By far the most popular game was gabo japgi, so much so that the name was used interchangeably with tujeon. Also known as yeotbangmangi (엿방망이, "sweetmeat pestle"), it is a baccarat-like game similar to the Chinese domino game goryeosi. It is played with the 60 card deck and the object is to reach gabo or kapo which is gambling slang for 9. The game seems to be derived from kabufuda games where the goal is to reach kabu or kaho which is also slang for 9. Both kabu and kapo are possibly descended from the Portuguese cavo which was slang for a stake or wager. Another similar game is Komi, played with ganjapa cards, from Odisha, India along Portugal's old trade routes. Baccarat did not appear in Europe until mid-19th century France and was preceded by a simpler game called Macao, further hinting at a Portuguese connection.
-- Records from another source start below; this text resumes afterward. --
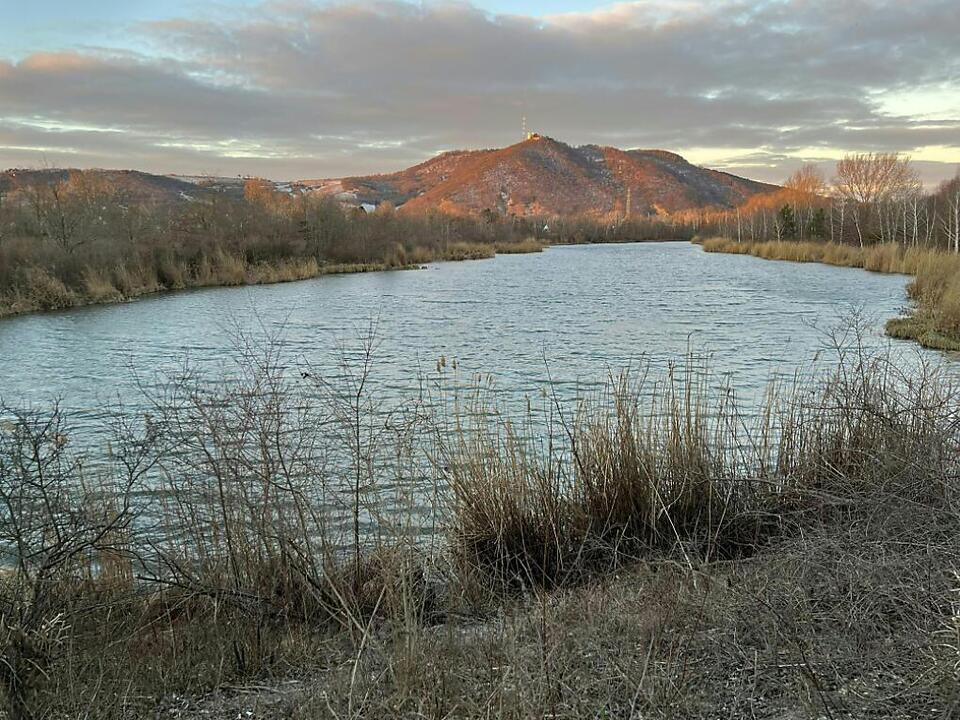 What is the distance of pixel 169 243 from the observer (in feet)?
132

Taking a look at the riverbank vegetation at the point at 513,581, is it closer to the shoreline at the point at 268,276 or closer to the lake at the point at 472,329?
the lake at the point at 472,329

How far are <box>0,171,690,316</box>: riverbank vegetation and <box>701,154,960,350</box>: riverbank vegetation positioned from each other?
1170 inches

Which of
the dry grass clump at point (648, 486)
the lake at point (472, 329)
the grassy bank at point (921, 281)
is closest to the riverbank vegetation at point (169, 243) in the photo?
the lake at point (472, 329)

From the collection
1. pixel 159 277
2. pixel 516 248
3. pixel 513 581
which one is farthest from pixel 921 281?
pixel 516 248

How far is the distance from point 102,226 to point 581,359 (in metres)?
28.8

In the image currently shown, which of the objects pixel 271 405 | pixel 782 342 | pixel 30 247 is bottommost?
pixel 782 342

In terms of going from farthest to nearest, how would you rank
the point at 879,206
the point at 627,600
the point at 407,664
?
the point at 879,206 → the point at 627,600 → the point at 407,664

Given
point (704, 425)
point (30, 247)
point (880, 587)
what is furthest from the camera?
point (30, 247)

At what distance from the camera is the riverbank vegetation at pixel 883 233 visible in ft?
68.5

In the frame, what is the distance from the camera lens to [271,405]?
5.47 meters

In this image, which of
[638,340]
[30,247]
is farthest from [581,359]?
[30,247]

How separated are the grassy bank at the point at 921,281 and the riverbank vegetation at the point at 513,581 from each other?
555 inches

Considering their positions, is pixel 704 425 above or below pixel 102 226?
Result: below

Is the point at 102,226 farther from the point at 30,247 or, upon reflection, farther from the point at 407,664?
the point at 407,664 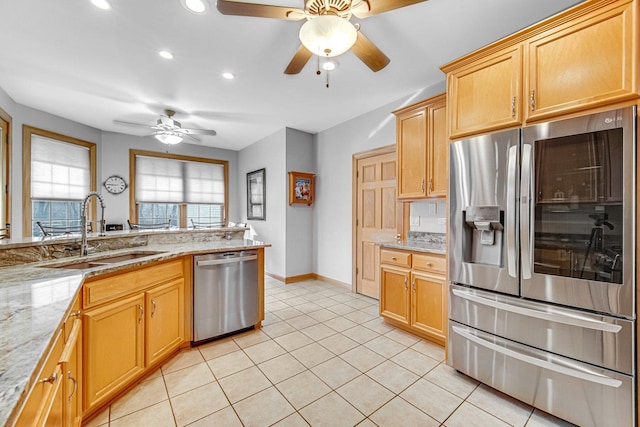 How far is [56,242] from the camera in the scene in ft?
6.44

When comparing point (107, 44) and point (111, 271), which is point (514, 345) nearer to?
point (111, 271)

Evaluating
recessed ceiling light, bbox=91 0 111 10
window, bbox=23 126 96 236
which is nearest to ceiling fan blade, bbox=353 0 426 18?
recessed ceiling light, bbox=91 0 111 10

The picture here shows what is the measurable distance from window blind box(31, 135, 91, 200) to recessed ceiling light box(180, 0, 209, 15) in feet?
12.7

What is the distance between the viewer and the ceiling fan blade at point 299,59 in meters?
1.91

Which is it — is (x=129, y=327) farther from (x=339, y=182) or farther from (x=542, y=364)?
(x=339, y=182)

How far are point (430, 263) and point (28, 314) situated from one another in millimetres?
2594

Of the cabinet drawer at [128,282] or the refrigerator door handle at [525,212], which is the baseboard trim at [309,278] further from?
the refrigerator door handle at [525,212]

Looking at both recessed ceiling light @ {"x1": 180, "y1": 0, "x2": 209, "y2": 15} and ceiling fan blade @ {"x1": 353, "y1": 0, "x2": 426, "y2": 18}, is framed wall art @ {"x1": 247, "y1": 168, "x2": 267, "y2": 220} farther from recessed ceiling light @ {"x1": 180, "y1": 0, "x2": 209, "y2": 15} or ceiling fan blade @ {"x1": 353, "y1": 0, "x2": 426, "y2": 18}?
ceiling fan blade @ {"x1": 353, "y1": 0, "x2": 426, "y2": 18}

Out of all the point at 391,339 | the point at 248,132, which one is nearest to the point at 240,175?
the point at 248,132

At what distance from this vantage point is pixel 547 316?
163 centimetres

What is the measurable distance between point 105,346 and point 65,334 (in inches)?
24.7

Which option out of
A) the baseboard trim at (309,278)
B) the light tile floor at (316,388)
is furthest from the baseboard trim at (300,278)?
the light tile floor at (316,388)

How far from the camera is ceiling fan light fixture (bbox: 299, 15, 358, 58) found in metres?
1.52

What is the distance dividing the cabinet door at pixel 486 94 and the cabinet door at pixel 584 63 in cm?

The rules for all these games are likely derivative of the 16th century Ming game of sanzhang (三長) which was originally played with madiao cards but modern players prefer using the French deck.

Another popular game was dongdang, an early rummy game similar to khanhoo.

==In popular culture==

- Mr. Queen in Ep. 16 being played by King Cheoljong and his friends.
Playing the tujeon cards is a theme used in several period drama series. Among them:
- The fight between Kim Gong-ryang and Prince Gwanghae in Ep. 08 of The King's Face.